For many self-serious indie kids, inclusion in a show like The OC (see also: Grey's Anatomy, Six Feet Under, et al.) often marks a band's death knell -- the end of cultural and artistic relevance. It shouldn't, for several reasons. One, the dichotomy that you can either be good or popular is a false one, the remnant of a classic gutter punk oversimplification. Two, the track played alongside Sun Kill Moon's cover of Modest Mouse's "Neverending Math Equation" and a three-year-old Sufjan Stevens track. These acts won't ever be mainstream darlings for a variety of reasons, and neither will Rocky.

His songs are too honest. They deal too intimately and too self-reflectively with those things that popular acts treat reactively and with broad strokes. There's uncertainty in his music, but not angst. There's anger, but not rage. There's a studious chronicling of failures but no trace of self-loathing. None of these feats are easy, exploring the self without copping with an easy emotion. Rage and angst and self-loathing are like pressure valves. People reflexively understand them as extremes of emotion, and that lets them off the hook.

No, what Votolato does is more challenging on the listener. He never reaches for that pressure valve; he never goes for the easy or cheap emotion. He's examined himself, his characters and his musical sensibilities, and now he wants to show them to you unabridged and undiluted. It's a lot like what his brother Cody's band Blood Brothers does at the sonic level, tearing apart the simple and accepted sonic tropes and reconstructing them in their own context. It's an uncomfortable thing, forcing the listener to relearn the things we know. But, while Blood Brothers are smash-mouthedly iconoclastic, consciously picking fights with established musical sensibilities, Rocky is just being himself in a way that few artists have the courage to be. He's unafraid to be misunderstood, and that scares people more than Blood Brothers ever will.

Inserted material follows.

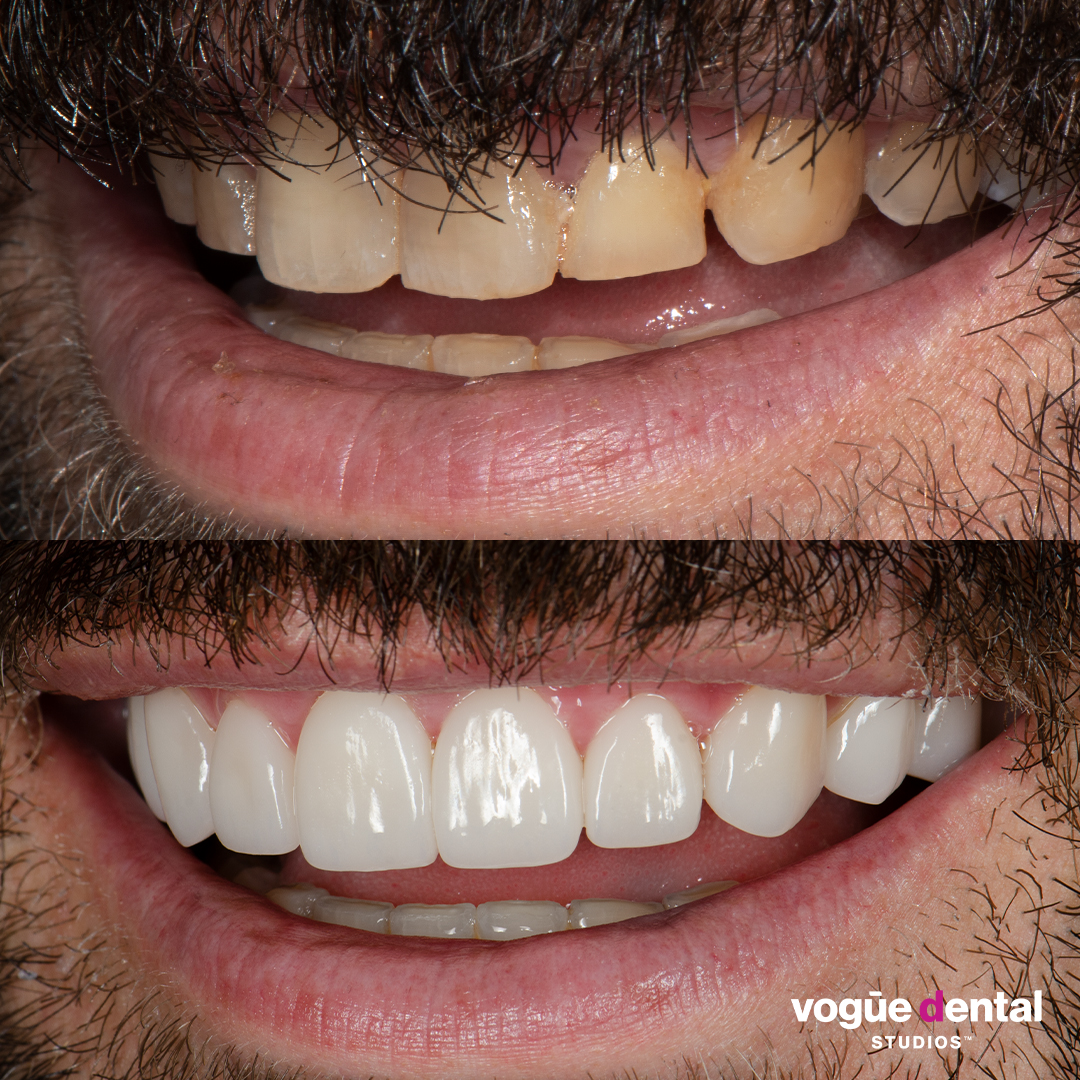 Before and after porcelain veneers Anthony rounded shapes - left smile view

Rocky Votolato is, in short, an artist in the most simple, straightforward way. He uses his medium to explore the emotion of being, to tell the story of existence. It's sincere and frank, but not salacious. One more reason he'll never be Rob Thomas, which is a very good thing.

Funny thing is though, after three solo records and three more with his old band Waxwing (a collaboration with brother Cody), Votolato says that now people are starting to get him.

"With this record, everybody's kind of getting it. Maybe it's just a familiarity with the songs and the style, but it just seems like people are understanding what I'm saying," he says. A blessing and a curse, to be sure.